One of the amazing things about New Zealand is the ever changing landscape and the sheer variety of natural phenomena. I first realised this as we crossed the South Island, passing through the Canterbury Plain and across the snow-topped Southern Alps, then descending to the west coast, an area so lush and fertile that you realise, almost for the first time, that you are on a Pacific island.
We stayed in Punakaiki, a small town on the edge of the Paparoa National Park that was once known to the Maoris as “a spring of food”, surely a reference to the abundant vegetation that lines the roadsides and surrounds the houses. But the most remarkable feature of Punakaiki was the extraordinary geological phenomenon of the Pancake Rocks and Blowholes.

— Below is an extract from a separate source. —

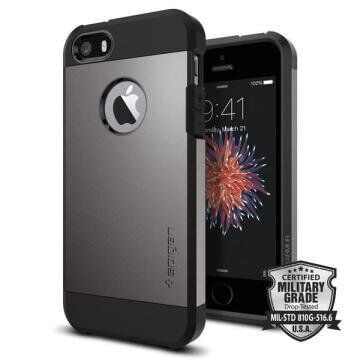 Spigen iPhone 5,5s,SE ile Uyumlu Kılıf Tough Armor Gun Metal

The Mysterious Pancake Rocks of Punakaiki
We had been advised to visit the rocks at high tide. This was at nine o’clock in the evening, so we had a sunset to admire as we arrived. And the approach to the rocks was a treat in itself: a native plants trail complete with noisily chattering cicadas.
The sun was starting to set as we arrived
The approach to the rocks was via a native plants trail
The Pancake Rocks take their name from their strange formation, thin layers of limestone piled upon one another like a stack of pancakes. They were formed from the skeletons of tiny marine creatures and have been subject to many millions of years of weathering, but no-one knows exactly how they acquired their shape.
The limestone rocks are layered like pancakes
Millennia of weathering have created some strange shapes!
Punakaiki’s Natural Blowholes
The Blowholes are the result of a combination of horizontal tunnels weathered through the rock and narrow vertical air shafts fashioned by the rain. At high tide the sea swells and forces water along the tunnels and up the shafts, creating a geyser like effect as it emerges from the top.
People crowd onto the walkways waiting for the water to surge
When we arrived the walkways were already full of people watching the crashing of the waves. We walked around, looking at spouts with names like The Surge Pool and The Chimney Pot. The sea was relatively quiet and so the spouts were not high, but even so the sound was deafening. I tried to imagine what it must be like on days when the sea is rough, with the noise of the ocean ringing in your ears, the hiss of water pluming into the air, and cold saltwater splashing onto your face and feet. Perhaps, I thought, we had done well to choose a calm summer evening!
An inland pool created by weathering
The surges were small when we visited, but they can be very high!